In Hungary, 30% of household waste is organic waste, of which 320,000 tons end up in landfills and 600,000 tons in the sewer system. This amount could be significantly reduced if knowledge about the use of kitchen scraps were more widespread.
One of the most important goals of the European Climate Pact is to contribute to making the individual, everyday actions of private individuals more environmentally conscious through its attitude-shaping activities.
“Recycling kitchen waste not only protects our environment, but also results in significant savings for households. With a little creativity and awareness, we can prepare dishes that can make our daily meals richer and healthier, and save our wallets at the same time”
– said ecosystem researcher Amrein Tamásné Miskolczi Boglárka, ambassador of the European Climate Pact, who is also a committed supporter of zero-residue cooking. Some of the expert’s ideas for using kitchen leftovers that can be easily incorporated into everyday life:
Soup stock: An excellent soup stock can be made from the skins of the vegetables (after thorough cleaning), which can be frozen, steamed or refrigerated. This can be used as a base for quick soups, sauces or purees at the weekend. Shell stocks can be especially tasty with carbonara or creamy mushroom pasta sauces.
Creamy side dishes: You can boil the skins of carrots, celery, and even beetroot in salted water, then blend them with butter, spices, cream, sour cream or cottage cheese to make a creamy side dish for fried meat or grilled fish.
Sauces and pesto: Kohlrabi leaves, radish leaves, carrot leaves and onion leaves are also edible and can be used to make special dishes such as kohlrabi leaf sauce or radish pesto. The leaves and stems of cauliflower and broccoli are also delicious, especially grilled.
Seasoning salt: For seasoning salt made from potato skins, potato skins are dried in an oven at 50-60 degrees Celsius for three hours, then blended with salt. This seasoning salt is also excellent for flavoring meats, vegetables and side dishes.
Fruit cubes for cakes: Dice and dried apple and pear skins can be used as tea, but can also be mixed into cakes. Lemon, orange peel, and remaining pieces of ginger can be candied and are also very delicious in cakes.

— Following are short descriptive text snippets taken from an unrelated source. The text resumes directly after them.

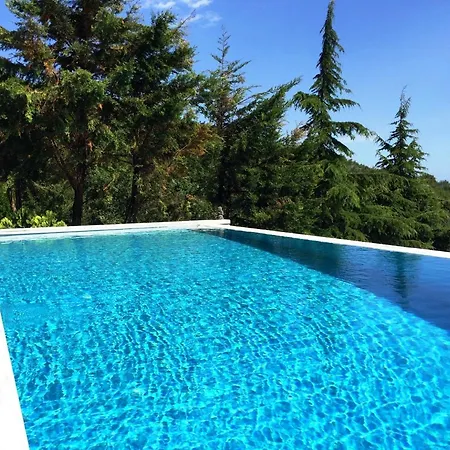 Art Luxury Áyios Vlásios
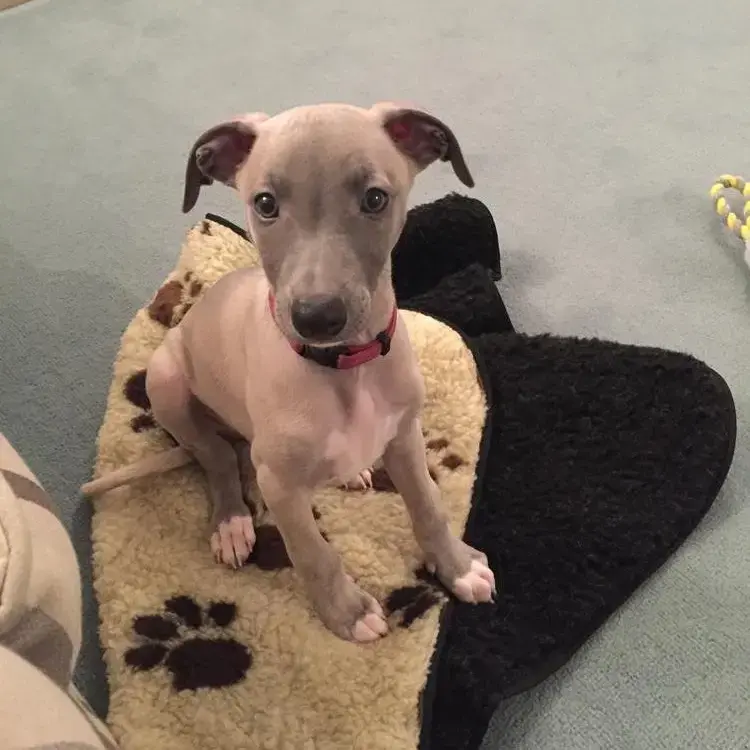 Whippet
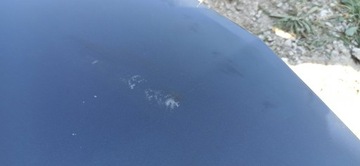 фото thumb №10, Капот opel astra iv j оригинальный лак z22a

Vinegar: Apple pomace can be used to make homemade apple cider vinegar, which offers many uses, from beautifying to weight loss to strengthening the immune system.
Pickles: You can make pickles from the peel of melons, and you can pickle or dry the peels of lemons and oranges. Pickled peels enhance the flavor of sauces and dishes.
Recycling kitchen waste contributes to a sustainable lifestyle and environmental protection. With a conscious and creative approach, we can not only reduce the amount of waste, but also discover new, exciting flavors and experiences in the kitchen.